Nine Good Sources of Public Domain & Creative Commons Audio
Since November when native support for audio was finally added to Google Slides I’ve had a marked increase in requests for recommendations for sources of classroom-friendly audio. Here are nine good options for finding audio files that are either in the public domain or have a Creative Commons license.
Dig CC Mixter offers thousands of songs that are Creative Commons licensed. The site is divided into three main categories. Those categories are Instrumental Music for Film & Video, Free Music for Commercial Projects, and Music for Video Games. Within each category you can search according to genre, instrument, and style. When you click the download icon on a file you will be prompted to copy the attribution information that is required to include in your project.
Musopen’s collection of free recordings contains performances of the works of hundreds of composers. The collection can be searched by composer, performer, by instrument, or by form. You can stream the music from Musopen for free. You can also download five recordings per day for free from Musopen.
Bensound (https://www.bensound.com/) offers about 250 music tracks that you can download for free. Those tracks are arranged in eight categories. Those categories are acoustic/folk, cinematic, corporate/pop, electronica, urban/groove, jazz, rock, and world. You can listen to the tracks before you download them. When you click the download button you will see the clear rules about using the music.
The Internet Archive hosts an extensive collection of music and other audio recordings that you can download for free. You should point out to students that they need to look at the usage rights closely when they find things on the Internet Archive. Not everything that is available to download for free is eligible to be reused for free.
The Free Music Archive provides free, high-quality, music in a wide range of genres. The content on Free Music Archive is used under various Creative Commons licenses. Anyone can download music from FMA for use in podcasts, videos, and other digital presentation formats. The music collections can be searched by genre or by curator.

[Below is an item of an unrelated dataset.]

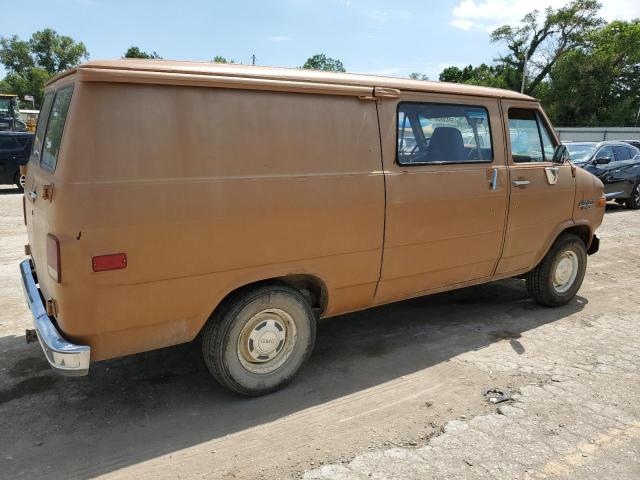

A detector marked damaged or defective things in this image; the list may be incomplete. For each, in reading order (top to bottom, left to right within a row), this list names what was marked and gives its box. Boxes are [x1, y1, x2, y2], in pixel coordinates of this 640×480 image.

cracked asphalt pavement [0, 183, 636, 476]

Sound Bible is a resource for finding and downloading free sound clips, sound effects, and sound bites. All of the sounds on Sound Bible are either public domain or labeled with a Creative Commons license. You can find sounds for use in podcasts, videos, slideshows, or other multimedia creations.
SoundGator offers free sound recording downloads. There are twenty-three recording categories that you can browse through to find the perfect sound for your project. You do have to register on SoundGator in order to download recordings. After registering you can download recordings directly to your computer to re-use in your projects.
ZapSplat is a website that offers more than 20,000 sound effects and songs that you can download and re-use for free. The licensing that ZapSplat uses is quite clear. As long as you cite ZapSplat, you can use the sound effects and music in your videos, podcasts, and other multimedia projects. ZapSplat does require you to create an account in order to download the MP3 and WAV files that it hosts. Once you have created an account you can download as many files as you like. ZapSplat does offer a “Gold” account. The benefit of a Gold account is that you don’t have to cite ZapSplat and access to an expanded library of sounds.